▶ Source data:
*-*-*

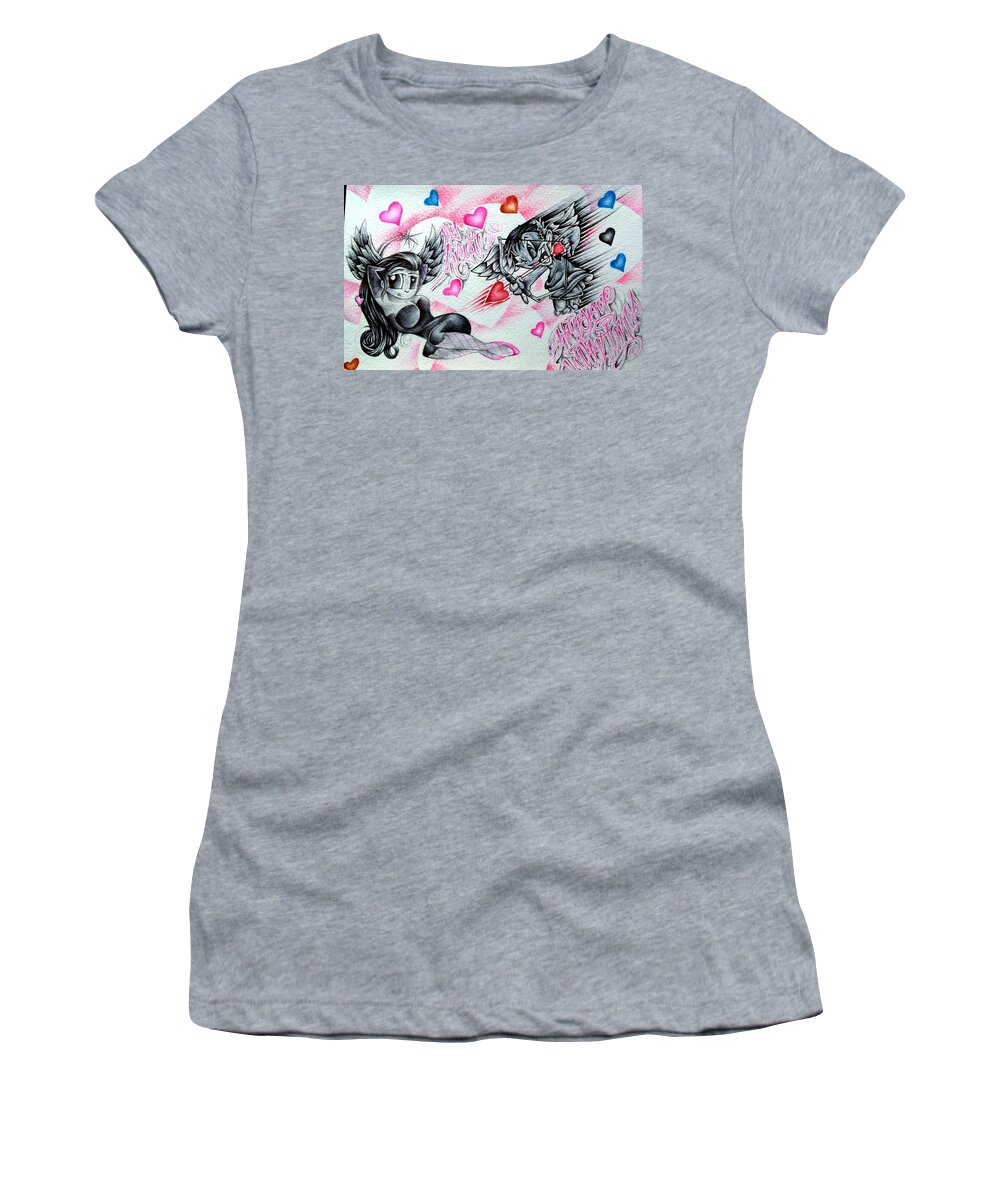 Prison Women's T-Shirt featuring the drawing Valentine by Pending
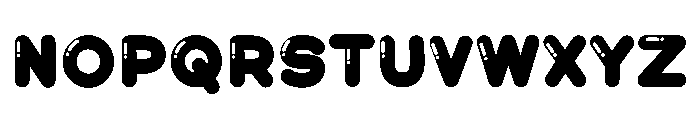 Gokart Bubble Font UPPERCASE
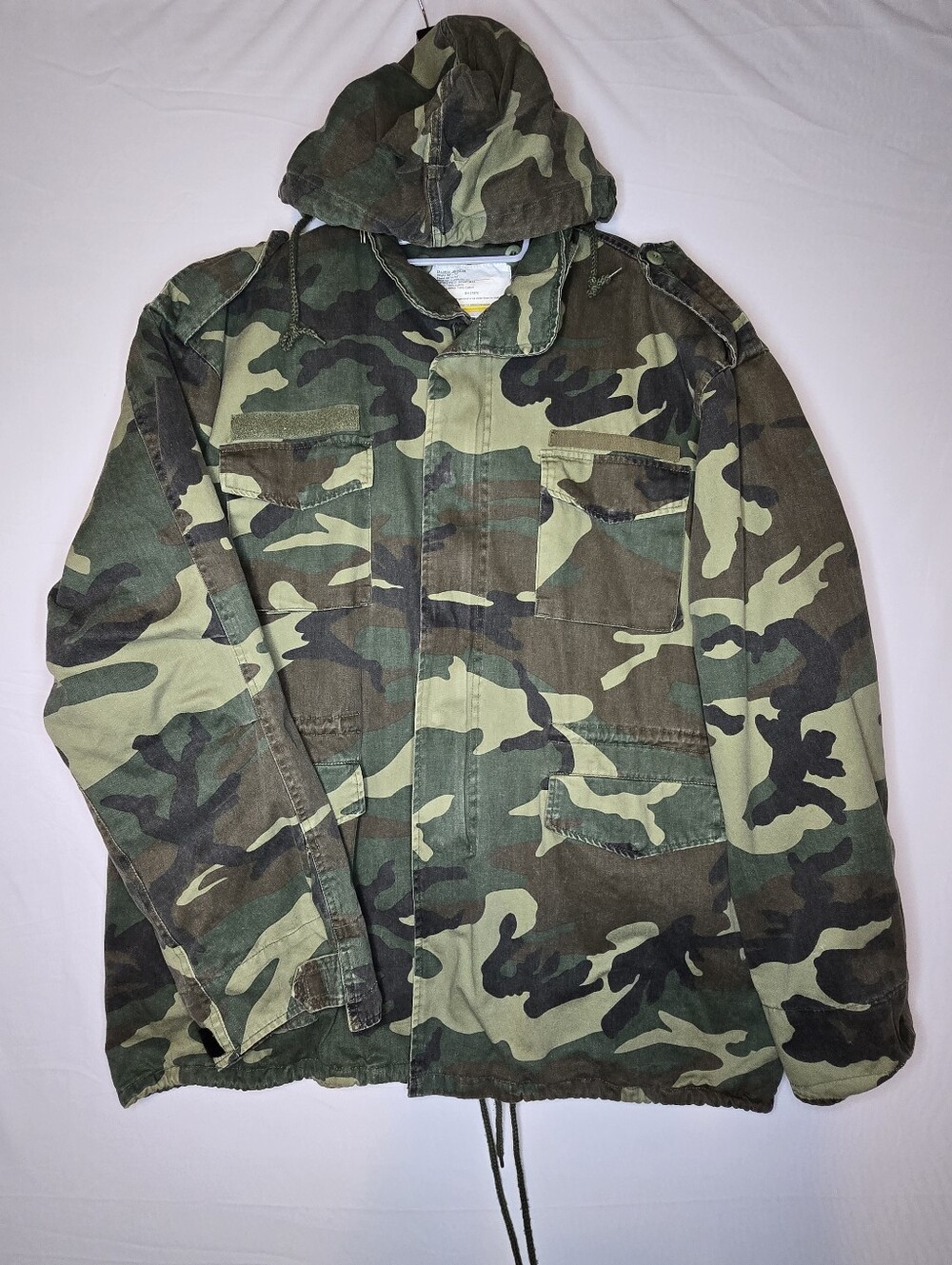 Rothco Vintage M-65 Field Jacket Woodland Camo Mens 2XL Heavyweight 100% Cotton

*-*-*

▶ What to produce:
Working from the listing above, retype it exactly but include no images.

▶ Reply:
 Prison Women's T-Shirt featuring the drawing Valentine by Pending
 Gokart Bubble Font UPPERCASE
 Rothco Vintage M-65 Field Jacket Woodland Camo Mens 2XL Heavyweight 100% Cotton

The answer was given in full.